The number of bulky goods, service and comparison goods branches fell by -0.40%, -0.92% and -1.09% respectively. The decline in service branches such as travel agencies and banks is largely due to the growing influence of online services; however, there is little evidence, as yet, to suggest online shopping is impacting retail space demand on the tangible goods side, probably because the main growth area is ‘click and collect’, which is largely store dependent. The branch shakeout to date, mostly via administrations, is due to recession, not the Internet and will continue until there is a sustained upturn in consumer spending growth.

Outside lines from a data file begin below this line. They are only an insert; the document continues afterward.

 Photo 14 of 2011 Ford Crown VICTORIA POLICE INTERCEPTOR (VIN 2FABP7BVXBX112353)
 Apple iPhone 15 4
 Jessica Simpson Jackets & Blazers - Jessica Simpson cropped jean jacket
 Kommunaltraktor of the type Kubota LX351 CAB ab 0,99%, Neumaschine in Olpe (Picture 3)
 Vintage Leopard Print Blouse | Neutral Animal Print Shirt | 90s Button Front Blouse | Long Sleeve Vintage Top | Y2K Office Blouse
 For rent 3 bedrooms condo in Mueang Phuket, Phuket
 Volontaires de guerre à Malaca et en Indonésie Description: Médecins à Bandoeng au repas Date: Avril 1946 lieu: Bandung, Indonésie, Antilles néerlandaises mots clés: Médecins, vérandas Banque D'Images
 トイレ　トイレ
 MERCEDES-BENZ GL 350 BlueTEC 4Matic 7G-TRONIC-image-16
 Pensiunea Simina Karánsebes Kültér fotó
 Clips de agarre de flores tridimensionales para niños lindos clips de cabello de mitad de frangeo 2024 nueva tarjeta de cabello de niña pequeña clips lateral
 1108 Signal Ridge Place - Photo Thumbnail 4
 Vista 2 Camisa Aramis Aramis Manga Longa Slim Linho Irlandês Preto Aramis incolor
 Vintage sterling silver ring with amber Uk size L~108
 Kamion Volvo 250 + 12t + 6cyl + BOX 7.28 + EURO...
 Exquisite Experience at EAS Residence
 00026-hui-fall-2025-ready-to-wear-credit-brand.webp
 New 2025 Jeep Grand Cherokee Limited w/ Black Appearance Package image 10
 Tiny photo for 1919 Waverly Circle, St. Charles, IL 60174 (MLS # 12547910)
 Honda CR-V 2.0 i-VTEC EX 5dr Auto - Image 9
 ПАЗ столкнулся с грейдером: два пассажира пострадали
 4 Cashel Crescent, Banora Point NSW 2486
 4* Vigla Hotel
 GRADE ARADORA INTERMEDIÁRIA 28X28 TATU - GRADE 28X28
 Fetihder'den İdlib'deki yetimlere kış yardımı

On the clothing side, if concessions are included, almost 20% of the increase in space occupied by retailers recorded since 2009 has been accounted for by additional in-store clothing outlets introduced by the supermarkets. The recent dent in clothing store numbers caused by Peacocks and La Senza closures has consequently had little impact on the overall store footage gains. Non-food merchandising by grocers has inevitably impacted on certain niche non-food retailers (particularly clothing), exacerbating the general pressures growing out of the economic downturn, with new market entrants increasing the pressure on tired brands.
Jonathan De Mello, Head of Retail Consultancy, CBRE, added:
“Shoppers are increasingly attracted to larger but more distant trading locations that offer a greater choice of retailers and a more modern shopping experience. This is leading retailers to rationalize their store portfolios, with many chain stores seeking larger units in fewer locations.
“A relatively small number of retail majors are now making most of the running in both branch expansion and internet related investment. Recessionary tail-chopping – the dumping of poor performing branches to boost short-term profitability - is further concentrating market share in the largest markets and among the strongest players, with leasing exceptionally strong in London but patchy in the provinces. Branch expansion totals are still set to end the year in positive territory, but the H1 2012 decline provides further evidence of the fragility of retail sector health.”
The number of convenience, catering and leisure branches grew by 1.01%, 2.93% and 0.98% respectively. Although starting from a relatively low base, the growing importance of catering and leisure activities within the overall shopping mix looks set to sustain higher than average branch growth in these sectors.
David Muslin, Director, UK Leisure, CBRE, commented:
“Catering continues to grow remarkably rapidly and is gradually taking on a core anchoring role in many shopping locations. Mixes without significant catering offers are now almost unthinkable. Leisure related branch numbers are also continuing to grow strongly, in part – as with catering – reflecting underlying changes in the nature of shopping activity generally.
“London is usually the first port of call for most new entrants and we are currently working with exciting brands like, Five Guy, Burger & Lobster and MEATliquor; however, strong regional trading locations - the major cities and the big out-of-town shopping locations - are also attracting a lot of demand - the resurgence of T.G.I. Friday’s and other operators such as Rossopomodoro, Prezzo, and Rocket are storming ahead, along with buffet operators like Jimmy’s World Grill & Bar.”